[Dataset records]
- - - - - - -

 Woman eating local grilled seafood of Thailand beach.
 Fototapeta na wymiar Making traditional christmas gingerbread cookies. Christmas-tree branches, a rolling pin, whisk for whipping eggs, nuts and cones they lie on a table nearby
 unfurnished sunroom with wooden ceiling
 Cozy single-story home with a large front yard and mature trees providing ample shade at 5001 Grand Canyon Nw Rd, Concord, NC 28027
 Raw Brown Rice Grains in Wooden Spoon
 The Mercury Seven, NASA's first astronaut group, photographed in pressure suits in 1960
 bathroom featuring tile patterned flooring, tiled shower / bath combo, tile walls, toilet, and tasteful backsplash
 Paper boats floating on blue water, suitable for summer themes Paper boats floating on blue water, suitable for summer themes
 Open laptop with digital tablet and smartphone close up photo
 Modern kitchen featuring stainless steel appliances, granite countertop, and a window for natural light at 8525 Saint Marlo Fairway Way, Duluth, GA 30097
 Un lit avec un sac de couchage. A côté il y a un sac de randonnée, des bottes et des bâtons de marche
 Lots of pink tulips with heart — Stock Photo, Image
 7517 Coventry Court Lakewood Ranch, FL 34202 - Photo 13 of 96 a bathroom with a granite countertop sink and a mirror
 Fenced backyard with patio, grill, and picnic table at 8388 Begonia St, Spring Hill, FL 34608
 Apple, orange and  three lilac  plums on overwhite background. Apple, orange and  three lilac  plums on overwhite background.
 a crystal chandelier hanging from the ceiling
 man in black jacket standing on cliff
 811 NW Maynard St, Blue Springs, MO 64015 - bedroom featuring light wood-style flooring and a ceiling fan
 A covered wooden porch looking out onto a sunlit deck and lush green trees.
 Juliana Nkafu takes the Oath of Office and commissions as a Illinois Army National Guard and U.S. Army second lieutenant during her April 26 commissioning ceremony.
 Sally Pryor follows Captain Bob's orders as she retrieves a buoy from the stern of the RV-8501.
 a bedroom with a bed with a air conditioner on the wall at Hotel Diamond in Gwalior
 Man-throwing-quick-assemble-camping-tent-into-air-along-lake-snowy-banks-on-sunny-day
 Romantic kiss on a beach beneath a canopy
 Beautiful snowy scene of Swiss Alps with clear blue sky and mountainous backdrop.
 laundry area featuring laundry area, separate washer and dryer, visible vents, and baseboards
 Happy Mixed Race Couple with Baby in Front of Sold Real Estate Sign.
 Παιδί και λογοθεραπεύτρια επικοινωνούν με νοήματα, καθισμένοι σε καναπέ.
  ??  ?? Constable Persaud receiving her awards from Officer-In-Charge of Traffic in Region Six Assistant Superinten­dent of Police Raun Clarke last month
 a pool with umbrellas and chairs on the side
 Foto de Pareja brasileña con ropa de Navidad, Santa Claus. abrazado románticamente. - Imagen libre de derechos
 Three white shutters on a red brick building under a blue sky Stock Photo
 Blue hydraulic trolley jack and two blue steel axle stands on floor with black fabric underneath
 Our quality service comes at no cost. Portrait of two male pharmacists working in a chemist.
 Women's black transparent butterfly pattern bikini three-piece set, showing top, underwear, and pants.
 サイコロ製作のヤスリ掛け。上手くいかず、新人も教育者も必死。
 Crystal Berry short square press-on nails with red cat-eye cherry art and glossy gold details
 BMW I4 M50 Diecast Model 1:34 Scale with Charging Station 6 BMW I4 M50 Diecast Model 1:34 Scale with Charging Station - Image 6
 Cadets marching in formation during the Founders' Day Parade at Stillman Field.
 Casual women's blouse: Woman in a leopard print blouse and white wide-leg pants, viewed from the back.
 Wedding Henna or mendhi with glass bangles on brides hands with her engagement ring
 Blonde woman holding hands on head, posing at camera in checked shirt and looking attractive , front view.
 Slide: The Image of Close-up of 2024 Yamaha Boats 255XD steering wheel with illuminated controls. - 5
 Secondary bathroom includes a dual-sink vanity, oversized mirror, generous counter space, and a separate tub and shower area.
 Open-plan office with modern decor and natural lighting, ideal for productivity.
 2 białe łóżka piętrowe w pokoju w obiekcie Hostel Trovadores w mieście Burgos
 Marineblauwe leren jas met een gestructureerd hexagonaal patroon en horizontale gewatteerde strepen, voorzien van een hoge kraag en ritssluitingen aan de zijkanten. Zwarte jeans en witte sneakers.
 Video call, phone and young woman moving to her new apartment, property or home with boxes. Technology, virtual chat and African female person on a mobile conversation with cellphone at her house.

- - - - - - -

Task to carry out — Print, from the entries above, the line with "summer themes Paper", the line with "Foto de Pareja" and all lines between them, exactly and with nothing else.

Written response —
 Paper boats floating on blue water, suitable for summer themes Paper boats floating on blue water, suitable for summer themes
 Open laptop with digital tablet and smartphone close up photo
 Modern kitchen featuring stainless steel appliances, granite countertop, and a window for natural light at 8525 Saint Marlo Fairway Way, Duluth, GA 30097
 Un lit avec un sac de couchage. A côté il y a un sac de randonnée, des bottes et des bâtons de marche
 Lots of pink tulips with heart — Stock Photo, Image
 7517 Coventry Court Lakewood Ranch, FL 34202 - Photo 13 of 96 a bathroom with a granite countertop sink and a mirror
 Fenced backyard with patio, grill, and picnic table at 8388 Begonia St, Spring Hill, FL 34608
 Apple, orange and  three lilac  plums on overwhite background. Apple, orange and  three lilac  plums on overwhite background.
 a crystal chandelier hanging from the ceiling
 man in black jacket standing on cliff
 811 NW Maynard St, Blue Springs, MO 64015 - bedroom featuring light wood-style flooring and a ceiling fan
 A covered wooden porch looking out onto a sunlit deck and lush green trees.
 Juliana Nkafu takes the Oath of Office and commissions as a Illinois Army National Guard and U.S. Army second lieutenant during her April 26 commissioning ceremony.
 Sally Pryor follows Captain Bob's orders as she retrieves a buoy from the stern of the RV-8501.
 a bedroom with a bed with a air conditioner on the wall at Hotel Diamond in Gwalior
 Man-throwing-quick-assemble-camping-tent-into-air-along-lake-snowy-banks-on-sunny-day
 Romantic kiss on a beach beneath a canopy
 Beautiful snowy scene of Swiss Alps with clear blue sky and mountainous backdrop.
 laundry area featuring laundry area, separate washer and dryer, visible vents, and baseboards
 Happy Mixed Race Couple with Baby in Front of Sold Real Estate Sign.
 Παιδί και λογοθεραπεύτρια επικοινωνούν με νοήματα, καθισμένοι σε καναπέ.
  ??  ?? Constable Persaud receiving her awards from Officer-In-Charge of Traffic in Region Six Assistant Superinten­dent of Police Raun Clarke last month
 a pool with umbrellas and chairs on the side
 Foto de Pareja brasileña con ropa de Navidad, Santa Claus. abrazado románticamente. - Imagen libre de derechos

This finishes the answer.